The amount of construction being carried out will make a significant difference for businesses thinking about moving to new premises and for those planning to stay put and extend their office lease for another 12 months or significantly longer. In receiving professional advice from a tenant-rep firm, you will be able to maximise value from your negotiations well beyond the market norms.
Extending your office lease
It’s typical for SMEs with between 5 and 150 staff to review their leasing options between 12 to 18 months in advance of their lease expiry date. A strategic report can help to evaluate the best options, although if you’ve decided to extend your lease for another 6 or 12 months, or for a considerably longer period of time, it would be worthwhile instructing a tenant-rep to carry out due diligence on the following points:
- The building fabric
- Investment considerations
- The tenant mix in the building
- Lease events of your neighbouring tenants
- Comparable evidence
- Market conditions
In short, a detailed analysis of your office building would factor in the age, condition and refurbishment plans for the building, in addition to whether the building is up for sale or recently acquired by a new investor.
Furthermore, the nature of businesses in your office building is an important factor to consider as part of your negotiations, in addition to an analysis of the lease events in the building. For instance, negotiations would be significantly affected if there are 3 tenants with leases that expire in 2016-17, another 2 expiring in 2018 and a further 3 tenants with rent reviews in that duration. Just to illustrate the point, Aspire recently advised two tenants in Farringdon and significantly negotiated down the rent from £65 to £57.50 per sq ft, partly due to availability in the office building as well as the negotiations surrounding Brexit.
Our advice: Whilst anyone can negotiate a slight reduction in rent, compiling strong comparable evidence in light of current market conditions to prepare for negotiations will often be the deciding factor as to whether you or the landlord has the stronger hand at the negotiation table. This is the primary motive for instructing a tenant-rep, in addition to their skill and tactics at the property negotiations. A review of your existing lease is also highly recommended to ensure that any clauses are fair and reasonable in the current market.
Terminating your office lease
In today’s market, many businesses are looking to relocate to new premises as part of their expansion plans. This could be a result of desiring a change in building and/or location, or to reduce costs where possible.
If you’re thinking about terminating your office lease before the contracted expiry date, there is the opportunity to do so. These methods include subletting part of your office space or assigning the whole of your premises, subject to your rights as per your lease agreement and subject to landlord consent.

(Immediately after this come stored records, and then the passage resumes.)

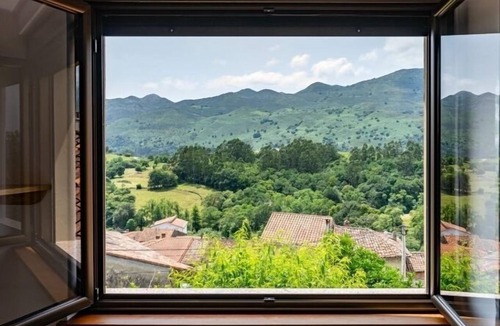 Llanes House | VV Honorato 1 - country house in Santa Eulalia (Llanes) | 4 guests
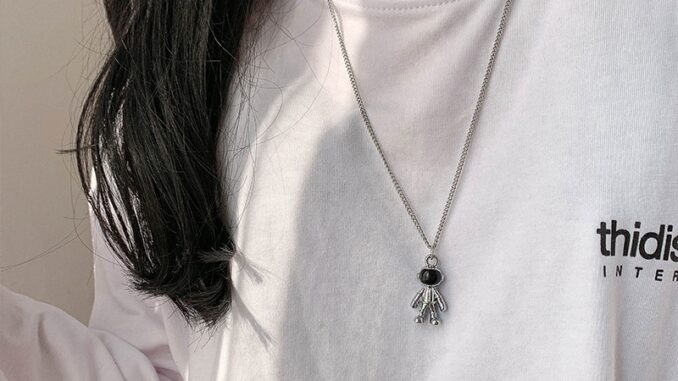 สร้อยคอ เครื่องประดับ สายโซ่โลหะ จี้รูปนักบินอวกาศ(A12-04-17 Silver)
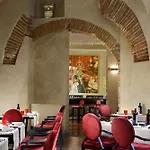 Brunelleschi Hotel 4*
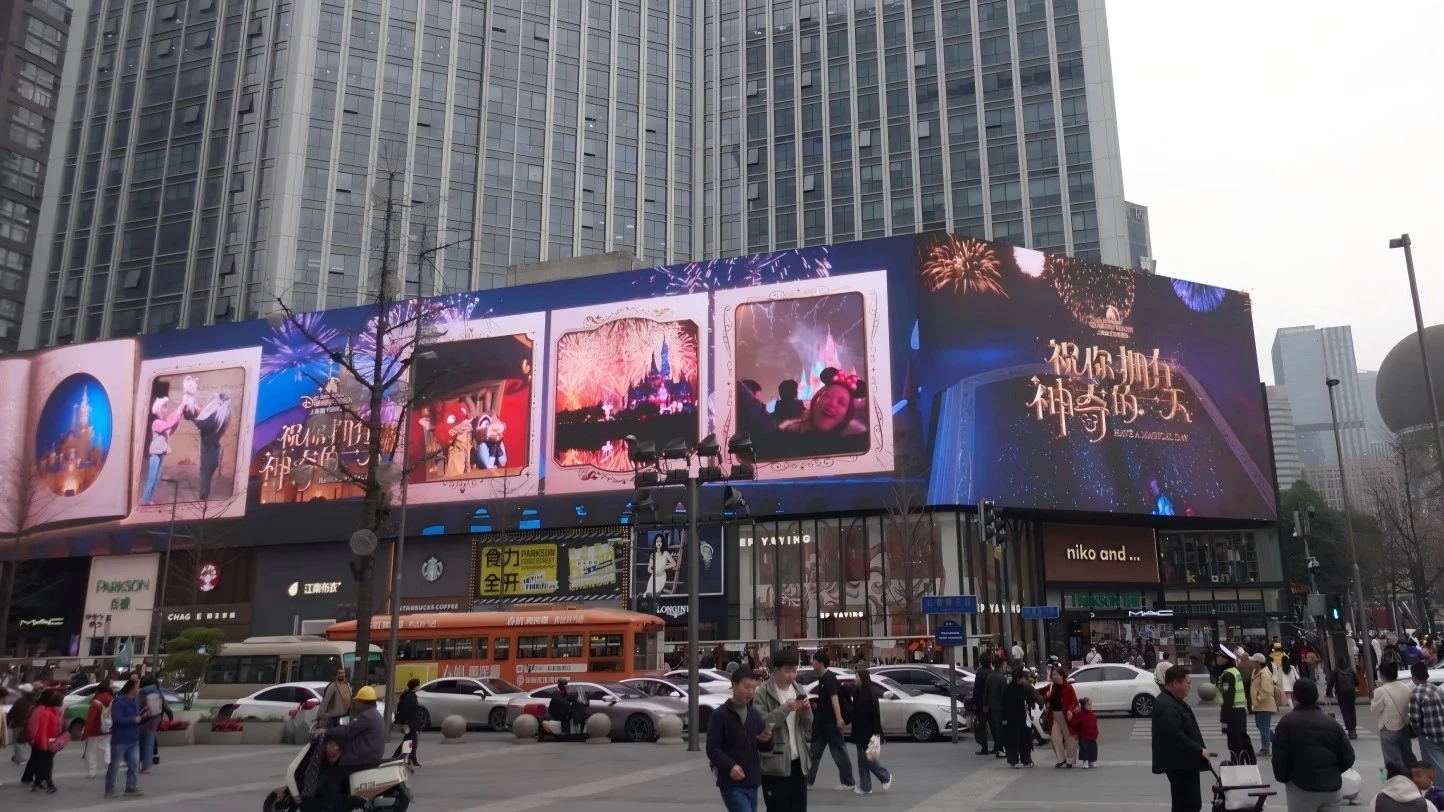 Outdoor Naked-Eye Displays Outdoor Naked-Eye Displays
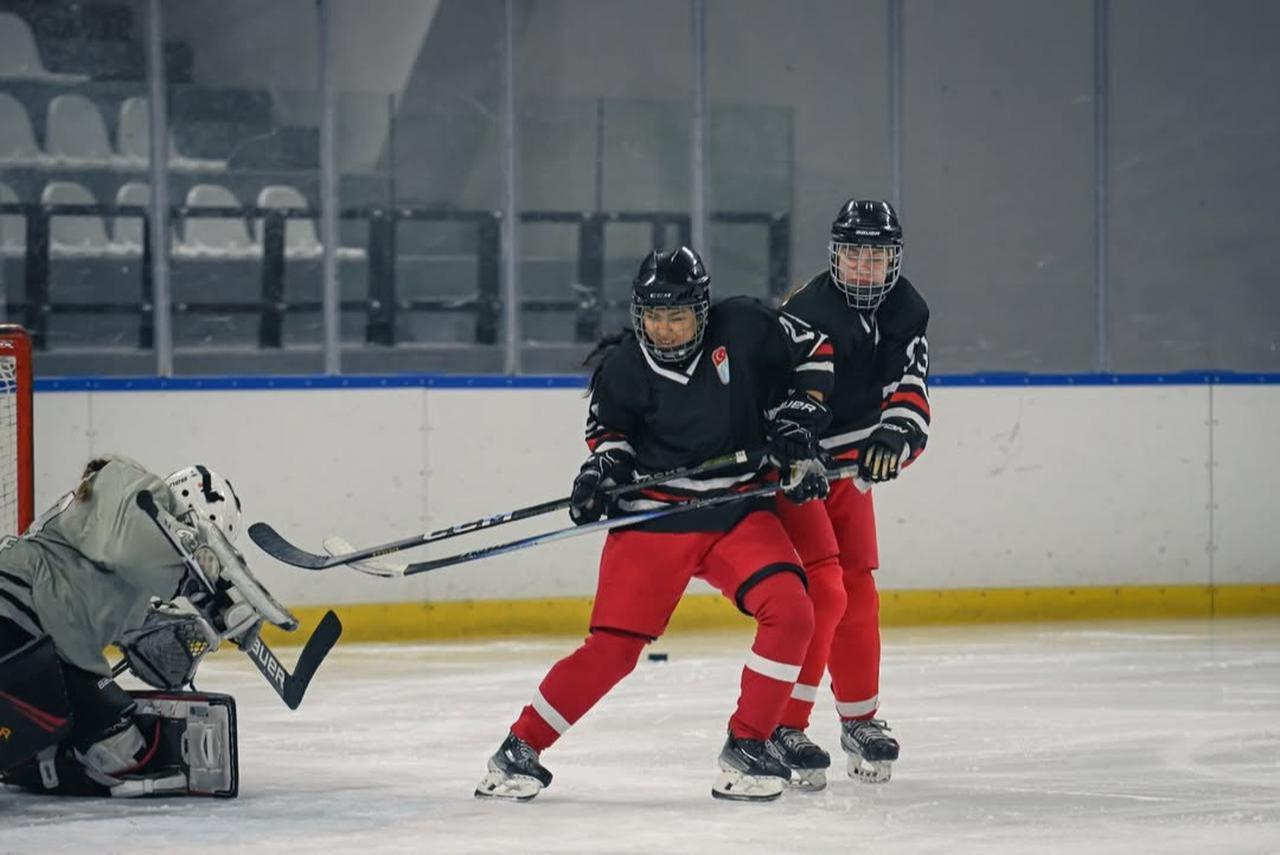 Türkiye U18 women’s ice hockey team practices before World Championship on home ice in Istanbul, Türkiye, January 17, 2026. (Photo via Instagram / @tbhforgtr)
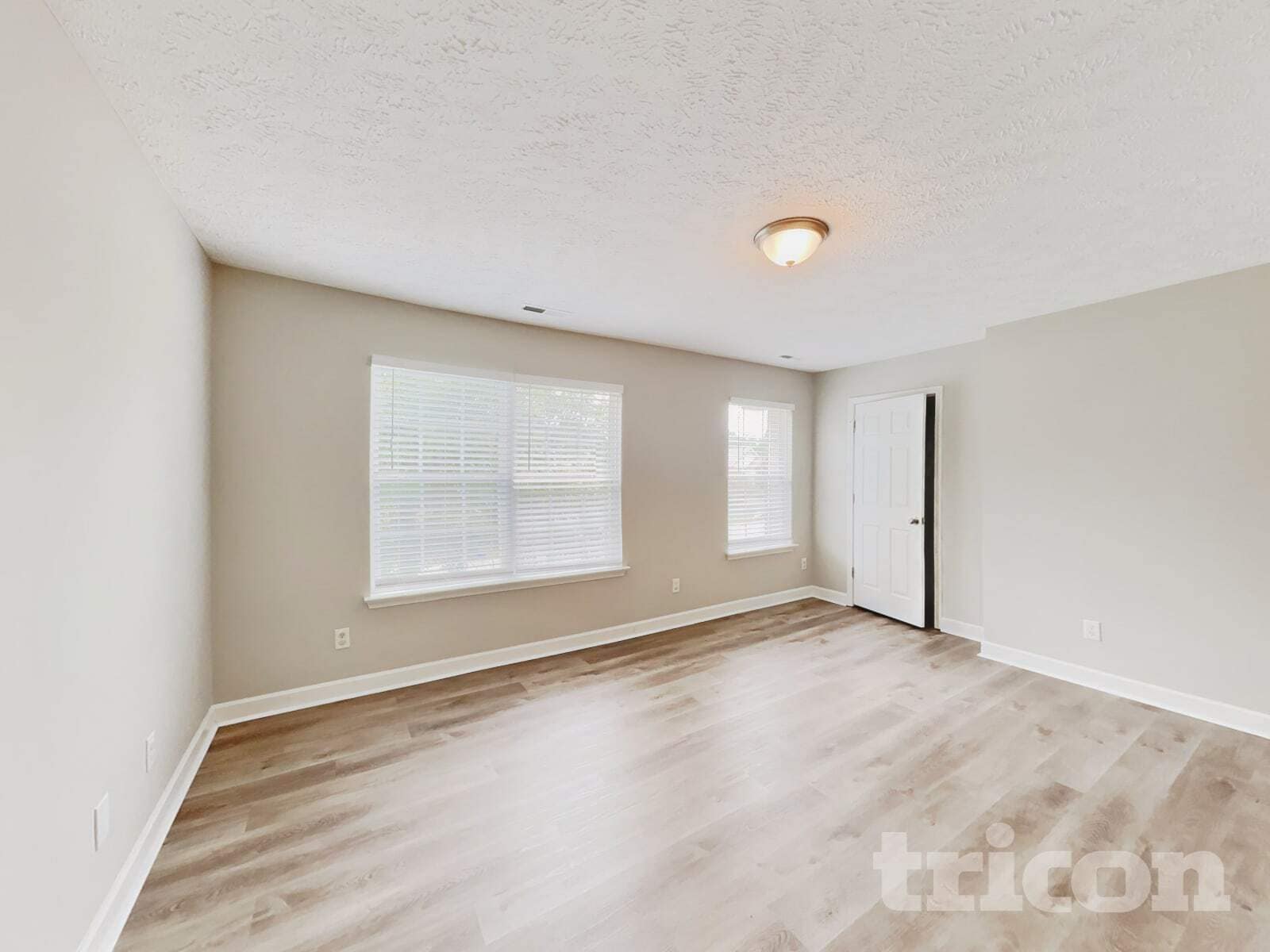 Building Photo - 140 Sundance Way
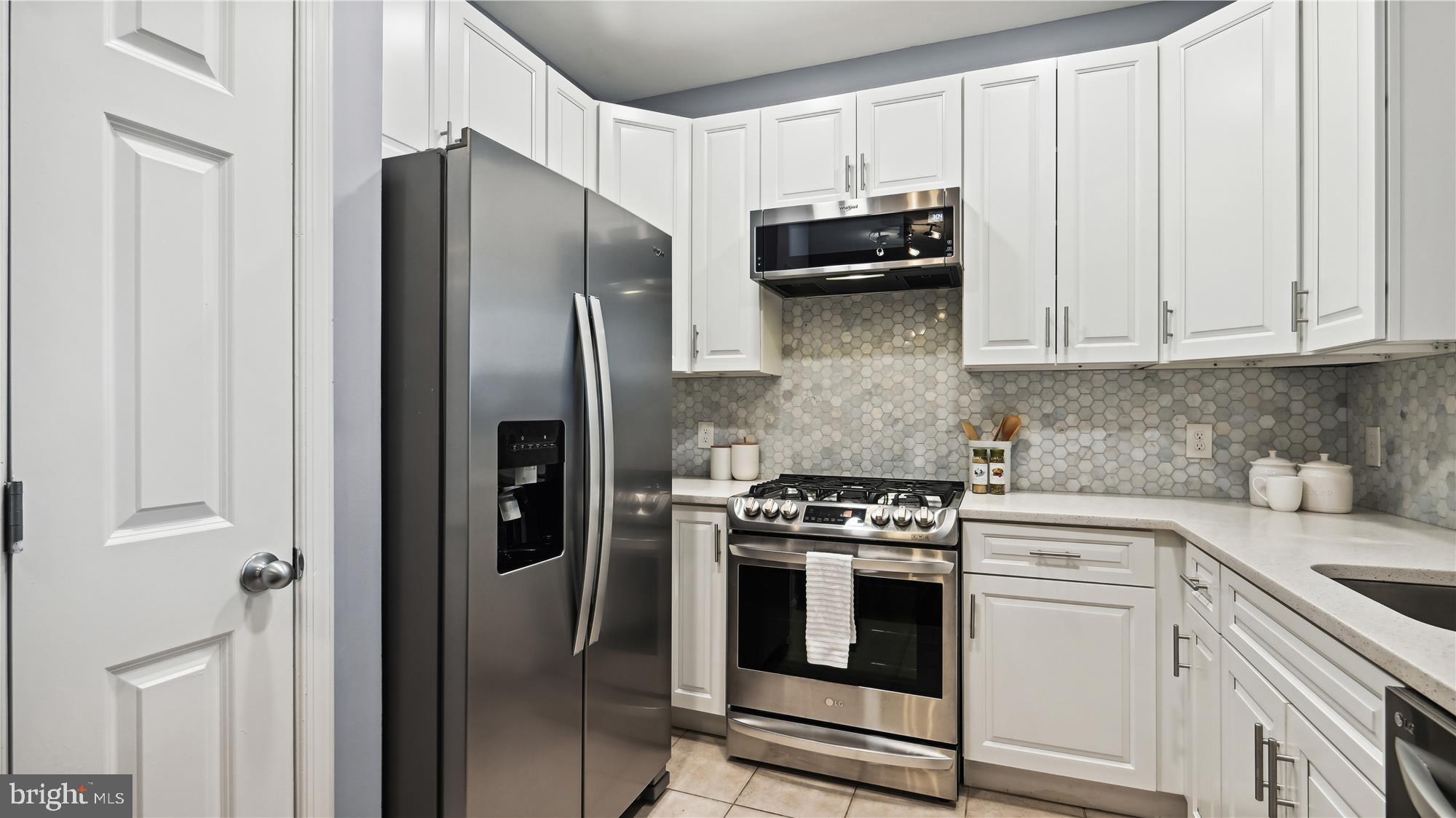 THE GROVE AT ARLINGTON - Residential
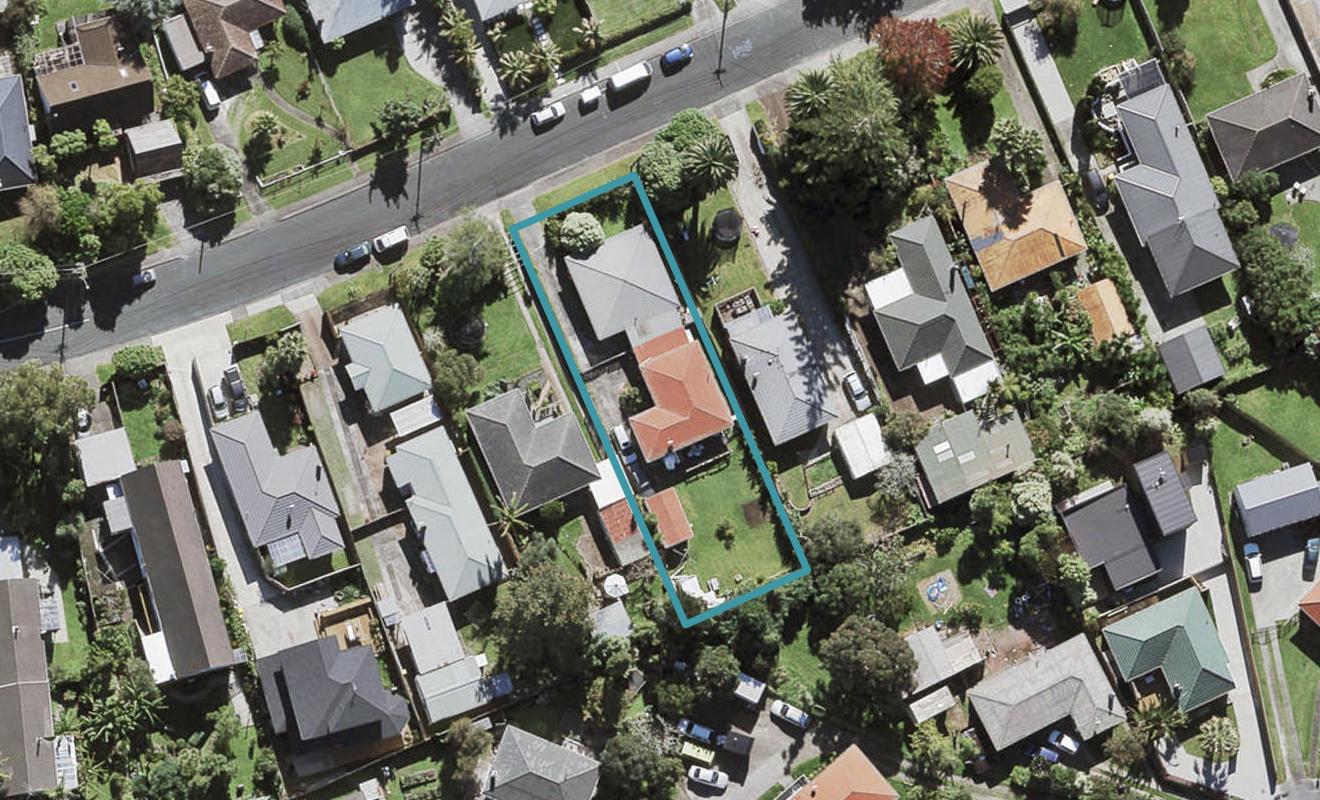1/14 Amberley Avenue, Te Atatū South, Auckland - Carousel 1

Our advice: Even if your lease forbids subletting or assigning your office space, it’s worthwhile getting advice and negotiating this objection with the landlord. As in any market, the landlord wants to protect their investment which means ensuring their tenants are happy and can afford to stay in occupancy until the lease expiry. If you have a genuine reason to relocate but an assignment is the best method to for an early surrender of your lease, seek professional advice.
One final comment is that although the vast majority of office leases are contracted outside of the Landlord & Tenant Act 1954, which means the tenant has no protection or rights to renew their lease, it is uncommon for leases to stipulate that the tenant serves 6 or 12 months’ notice to terminate their lease agreement, although this should be checked if relevant to you.
If you need advice regarding your commercial lease and property strategy, contact Aspire here or
phone 020 3627 25575.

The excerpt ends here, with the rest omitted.